Diese „dunkelste Zeit“ und damit der Zweite Weltkrieg mit seinen unfassbaren Grausamkeiten kostete nach allgemeinen Schätzungen mindestens 55 Millionen Menschen das Leben, die meisten unter ihnen waren Zivilisten.

Ein ebenfalls in Jörg Raabs Abhandlung überlieferter „Funkspruch aus Stalingrad“ vom 21. Januar 1943 lautete: „Truppe ohne Munition und Verpflegung, Auflösungserscheinungen an der Süd-, Nord- und Westfront. 18.000 Verwundete ohne Mindesthilfe an Verbandszeug und Medikamenten.“

Und weiter heißt es bei Jörg Raab: „Am 2. Februar 1943 ist dort alles zu Ende. Die Vernichtung der 6. Armee gilt als einer der Wendepunkte des Zweiten Weltkrieges. Der Name der Stadt an der Wolga, das Leiden der Soldaten und der in der Stadt verbliebenen Zivilbevölkerung sind bis heute im kollektiven Gedächtnis der beteiligten Nationen verankert. Weit über 500.000 Menschen sind ums Leben gekommen.“ Insgesamt kamen im Zweiten Weltkrieg über 55 Millionen Menschen ums Leben. Die Sowjetunion hatte mehr als 26 Millionen Opfer zu beklagen, auf deutscher Seite waren es zwischen 6,3 Millionen Opfer und über 7 Millionen Tote.

„Endlos lang ist die Kolonne der gefangenen Wehrmachtssoldaten.“ Auch darauf weist der Beitrag hin. Und tatsächlich: Allein die Zahl der deutschen Kriegsgefangenen wird in einem Bericht der Online-Ausgabe der ZEIT vom 9. Mai 2015 mit rund 11 Millionen angeben. Zu den Gefangenen und Überlebenden auf deutscher und seinerzeit sowjetischer Seite heißt es hierzu: „Aus sowjetischen Lagern kehrten nur 2 von 3,3 Millionen Deutsche zurück, die letzten 1956. Von den etwa 5,7 Millionen Rotarmisten überlebten 3,3 Millionen die deutsche Gefangenschaft nicht.“

Meine geschätzten Damen und Herren,

auch angesichts dieser Schicksale ist unser alljährliches Erinnern an diesem Tag und die damit verbundene Gedenkstunde, zu der ich Sie alle herzlich begrüße, so wichtig.

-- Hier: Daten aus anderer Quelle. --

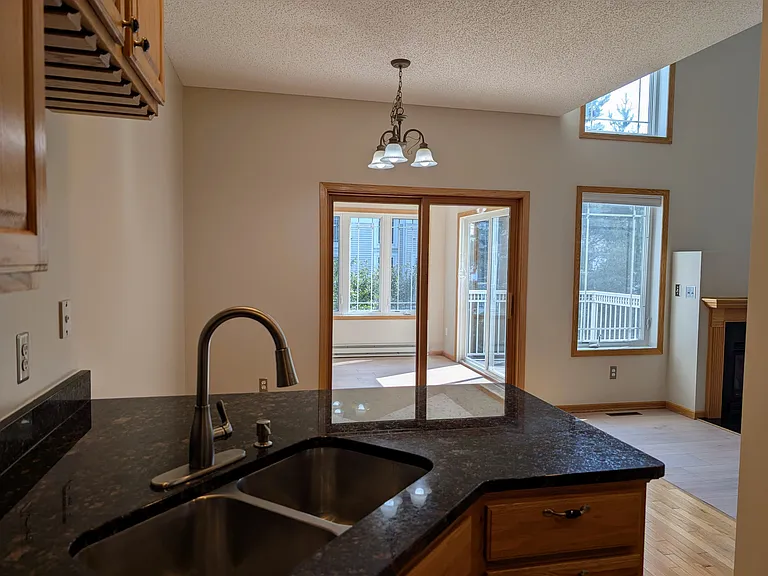 594 Sutherland Dr — Photo 12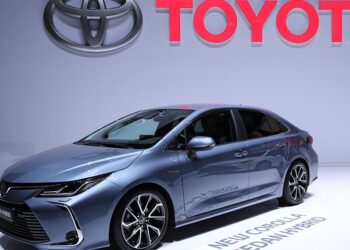 تويوتا تتوقع تراجع أرباحها 21% بسبب الرسوم الأمريكية وارتفاع الين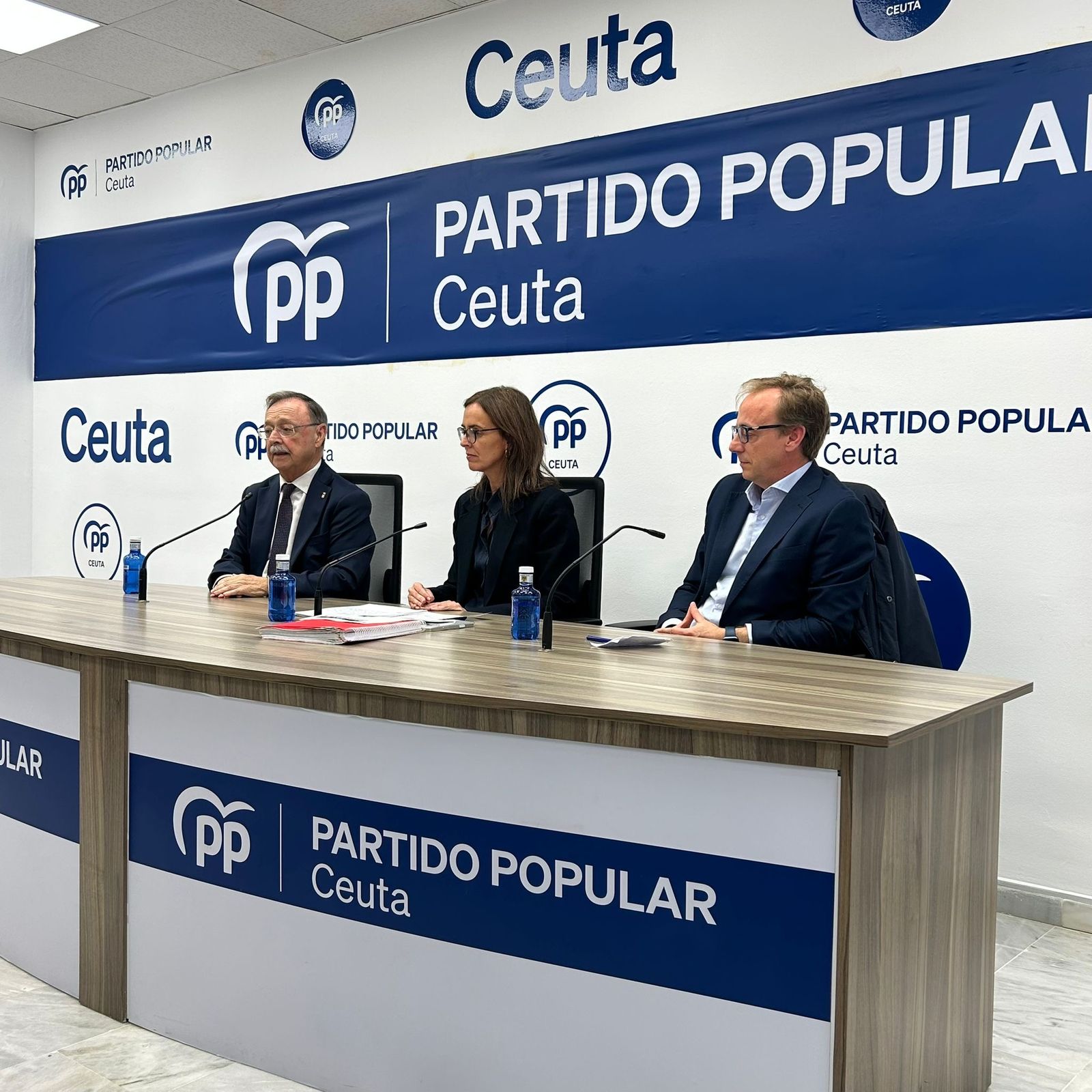La secretaria de sanidad del PP, Carmen Fúnez, este jueves en Ceuta junto al presidente Juan Vivas y al secretario general ceutí
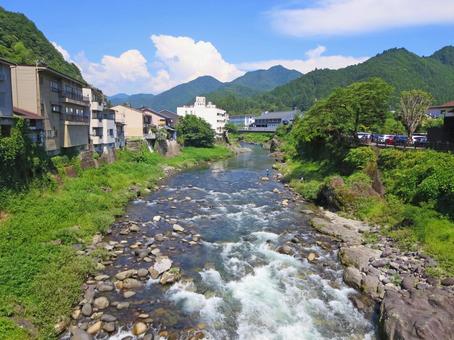 郡上八幡の街並みと吉田川 郡上八幡,吉田川,清流の写真素材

Mein besonderer Gruß gilt allen Vertreterinnen und Vertreter der Ortsvereine mit ihren Fahnenabordnungen, den Vertretern unserer Feuerwehr, des Reservistenverbandes und des VdK und ich heiße ebenso herzlich willkommen, diejenigen, die unser Gedenken musikalisch mitgestalten: Die Kolpingkapelle Alzenau sowie den Gesangverein Liederkranz.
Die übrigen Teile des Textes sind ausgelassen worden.